Mlle Novak les initie à l’alimentation « consciente », une approche opposée à l’alimentation inconsciente, où l’on se rue sur tout ce qui est délicieux et en quantité illimitée. L’alimentation consciente, quant à elle, est saine, disciplinée et surtout réfléchie. Chaque bouchée doit être bénéfique pour soi-même, et cela implique de manger moins. Mlle Novak souligne que nous mangeons tous trop et que, en ce qui concerne notre rapport à la nourriture, moins peut être plus.

Ces réflexions résonnent chez beaucoup d’entre nous.

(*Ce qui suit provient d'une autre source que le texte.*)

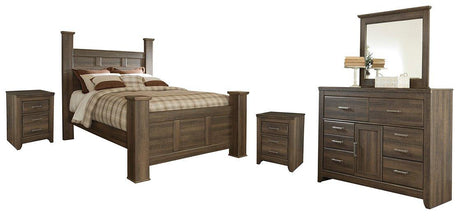Juararo Bedroom Set - Furniture World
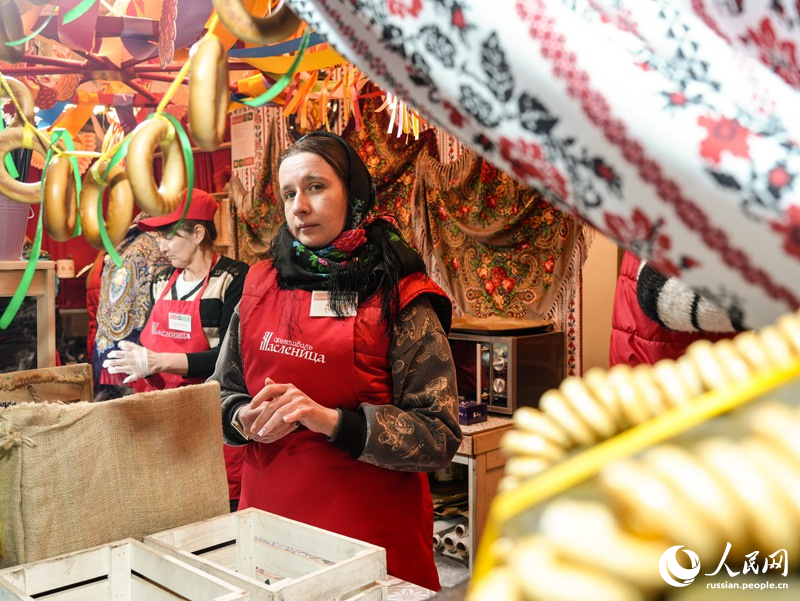 Фестиваль ?Масленица? прошел в Москве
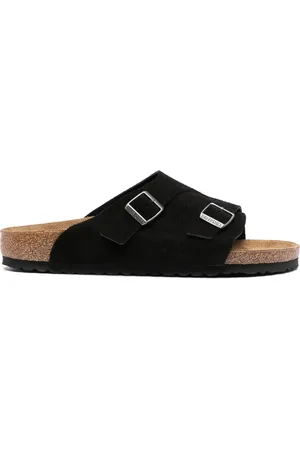 Birkenstock Z??rich suede sandals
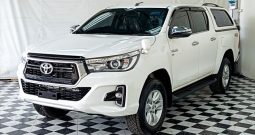 REVO 4WD 2018 2.8G AT DOUBLE CAB WHITE 8333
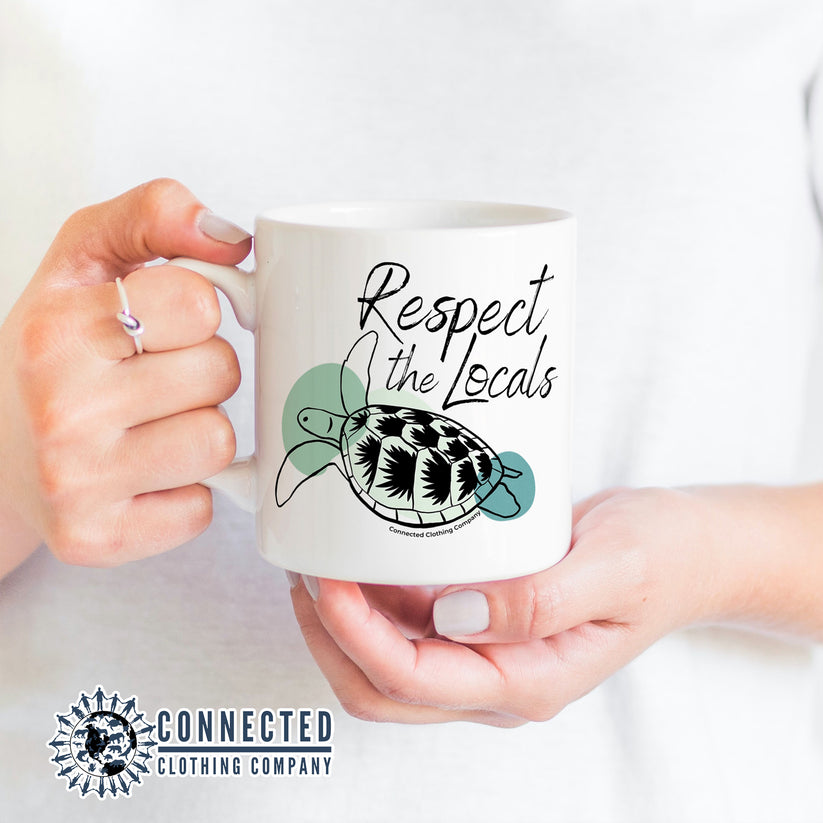 Mug, Sea Turtle Respect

Cependant, alors que les élèves sont assis à la cafétéria, examinant scrupuleusement la nourriture sur leurs plateaux compartimentés, tenant chaque bouchée en l’air sur leur fourchette pour une délibération appropriée avant de la porter à leur bouche, ils sont conditionnés par Mlle Novak à devenir des maniaques du contrôle alimentaire. Ils commencent déjà à transformer leur alimentation en un rituel de vertu et à se méfier de la nourriture en tant que source de plaisir. En somme, ils apprennent à devenir anorexiques. Dans ce film, l’anorexie est institutionnalisée, enseignée comme une discipline de maîtrise de soi, une supériorité éthique et une ferveur religieuse. Le plaisir de manger est remplacé, pour eux, par le plaisir de l’abstinence. Et ce n’est que le début pour Mlle Novak.

Hausner, qui a co-écrit le film avec Géraldine Bajard, aborde quelque chose de plus profond que la simple alimentation. Mia Wasikowska incarne Mlle Novak avec la bienveillance coercitive imperturbable d’une gourou de la Nouvelle Ère, et le film utilise sa présence insidieuse ainsi que la réaction des étudiants pour suggérer l’émergence d’un nouvel état d’esprit qui se répand dans la culture. Il s’agit de lutter contre une vision apocalyptique de l’avenir : l’épuisement des ressources et la destruction de la Terre. La conception du film est à la fois déchirante et drôlement sincère.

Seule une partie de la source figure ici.